More recently, a number of authors have studied the components of small field perturbation factors by Monte Carlo simulations in a more systematic way [47–50]. Scott et al. [47] defined the ratio of absorbed dose to water at the measurement point in the water phantom and the mean absorbed dose over a volume of water replacing the entire detector’s sensitive volume as the volume averaging correction factor. Any other factor is then related to the non-water equivalence of detector materials in the sensitive volume, the electrodes and the encapsulation. It was then observed that, next to volume averaging, the main additional contribution to small field perturbation factors is the difference in density between the detector materials and water, especially in the variation of perturbation factors with field size. Not only is the density of the material in the sensitive volume of importance, but so is that of surrounding materials such as the epoxy encapsulation of diode detectors [51, 52], thin metallic electrodes and presence of small air gaps [53].

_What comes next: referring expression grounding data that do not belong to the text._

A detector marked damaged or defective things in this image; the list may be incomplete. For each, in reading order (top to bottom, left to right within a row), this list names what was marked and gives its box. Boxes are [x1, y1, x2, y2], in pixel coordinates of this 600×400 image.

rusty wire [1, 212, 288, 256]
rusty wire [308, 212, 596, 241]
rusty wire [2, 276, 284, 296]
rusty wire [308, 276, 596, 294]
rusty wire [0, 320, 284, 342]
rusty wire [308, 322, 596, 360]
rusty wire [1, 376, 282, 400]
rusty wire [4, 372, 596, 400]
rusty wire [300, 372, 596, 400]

Differences in interaction data, while important in the overall conversion factor, are found to make only a small contribution to the variation of the perturbation correction factor with field size. Following up on those observations, Monte Carlo studies have investigated the possibility of compensating for small field perturbations by ‘mass density compensation’ [54, 55].

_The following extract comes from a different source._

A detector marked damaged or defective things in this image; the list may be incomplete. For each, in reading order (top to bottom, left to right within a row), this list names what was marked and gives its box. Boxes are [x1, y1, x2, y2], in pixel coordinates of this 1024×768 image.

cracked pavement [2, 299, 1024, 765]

It is emphasized that small solid state detectors may also exhibit some level of volume averaging, which, considering their size, is shown only for the smallest therapeutic fields, i.e. those smaller than 1 cm [47, 56–58]. For these detectors, other perturbation effects may play a role as well (e.g. backscattering from metallic electrodes). The energy and angular dependence of some detectors, such as diodes, plays an important role. Owing to the fact that silicon has a higher mass energy absorption coefficient than water, unshielded diodes over-respond in large fields because of the significant phantom scatter component of low energy photons. The consequence is an underestimation of field output factors when they are normalized to a large field size (e.g. the conventional 10 cm × 10 cm reference field). In large fields, the over-response is usually compensated by adding a layer of high Z material around the sides and the bottom of the silicon chip that filters out the low energy scattered photons. These high Z caps are, however, undesirable in very small fields, as they may cause large perturbation effects that are difficult to determine accurately even with Monte Carlo calculations, as detector-to-detector differences are complicated to simulate [59].